What would the trucking industry look like without 70 percent of the independent and small-fleet owner-operators moving freight today? What if 52 percent of company drivers and leased owner-operators at larger fleets also suddenly exited the business?
A special report on the potential impact of a proposed federal rule requiring electronic logging devices (ELD) to be used in most large trucks to track driver hours of service answers those questions and more. The report cites a recent reader survey by Overdrive, a national trucking magazine, in which a majority of respondents said they would retire or look for other work before they’d operate with an ELD.

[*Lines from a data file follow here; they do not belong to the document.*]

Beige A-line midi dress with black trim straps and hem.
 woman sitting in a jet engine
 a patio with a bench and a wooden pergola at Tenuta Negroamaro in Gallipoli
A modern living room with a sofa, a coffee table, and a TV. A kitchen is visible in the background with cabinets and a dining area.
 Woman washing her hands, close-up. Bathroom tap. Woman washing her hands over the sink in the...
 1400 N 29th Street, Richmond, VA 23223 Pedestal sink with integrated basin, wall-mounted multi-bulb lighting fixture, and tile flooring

Under the proposed rule by the Federal Motor Carrier Safety Administration, ELDs could be mandated for virtually all interstate haulers by late 2016. Many large and medium-sized fleets have already adopted ELDs or are phasing them in, while many of the smallest fleets are holdouts.
It’s unclear how many truckers would follow through on threats to quit, but those who do will make a tough situation worse: If the 71 percent of independents with from one to five trucks actually did quit, the industry would lose about 260,000 trucks, according to RigDig Business Intelligence.
That removes more than 10 percent of the industry’s capacity. When the 71 percent includes carriers with up to 15 trucks, it reduces capacity by more than 27 percent, or around 709,000 trucks. The American Trucking Associations expects the driver shortage to grow to 239,000 by 2022. That dynamic will be much worse if regulatory pressures, such as the ELD mandate, encourage more drivers to leave trucking.